Segment Start: Data provided

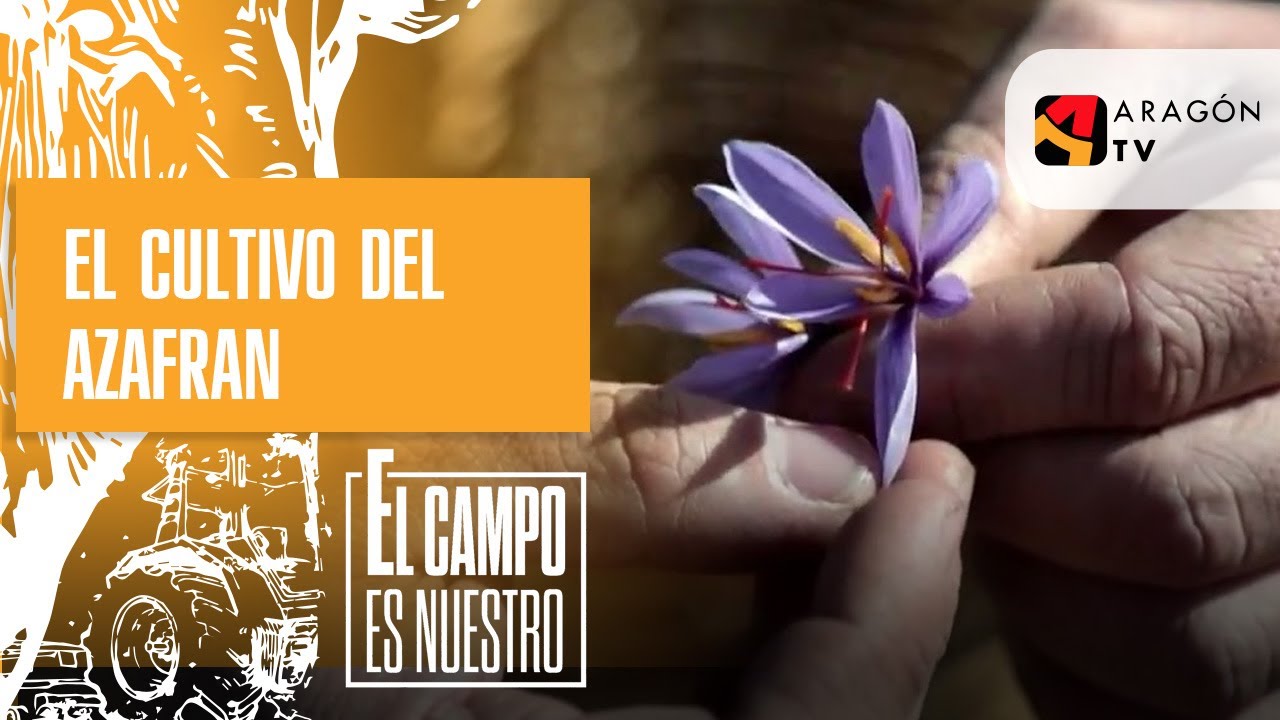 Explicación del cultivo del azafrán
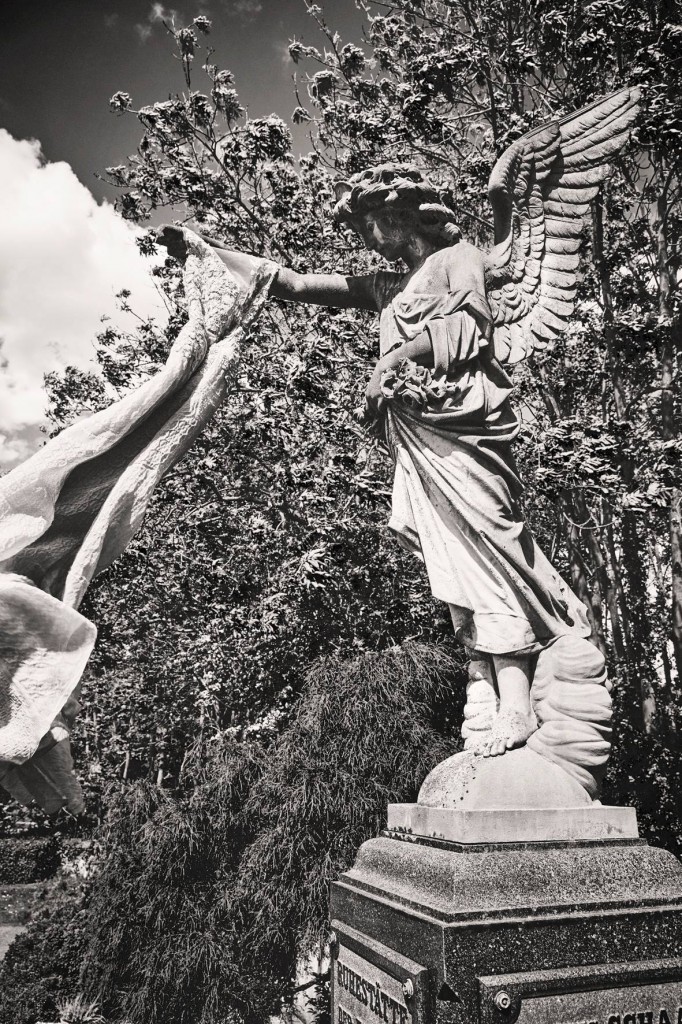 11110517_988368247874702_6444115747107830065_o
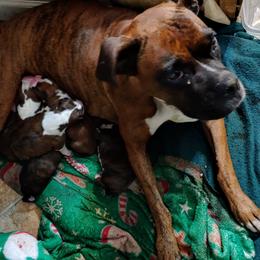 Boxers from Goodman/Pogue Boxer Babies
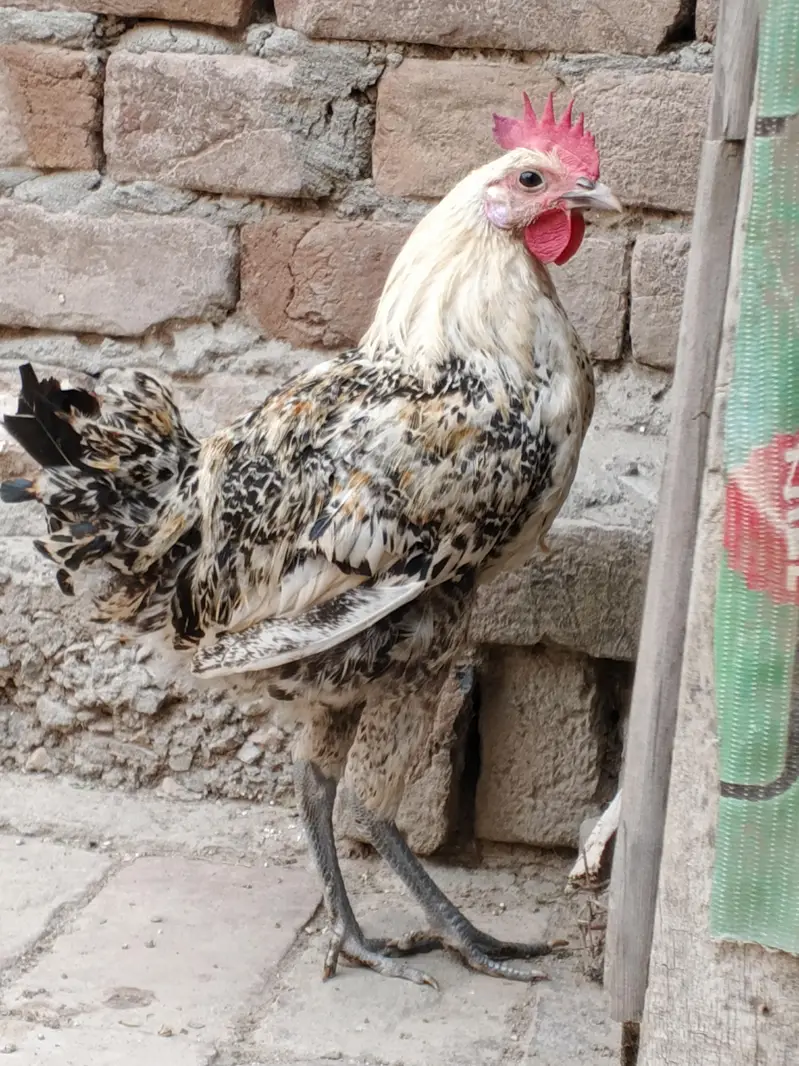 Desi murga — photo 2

Segment End: Data provided

● Exercise brief
The reply should hold every line of the material above, unchanged, and no pictures.

● Exercise answer
 Explicación del cultivo del azafrán
 11110517_988368247874702_6444115747107830065_o
 Boxers from Goodman/Pogue Boxer Babies
 Desi murga — photo 2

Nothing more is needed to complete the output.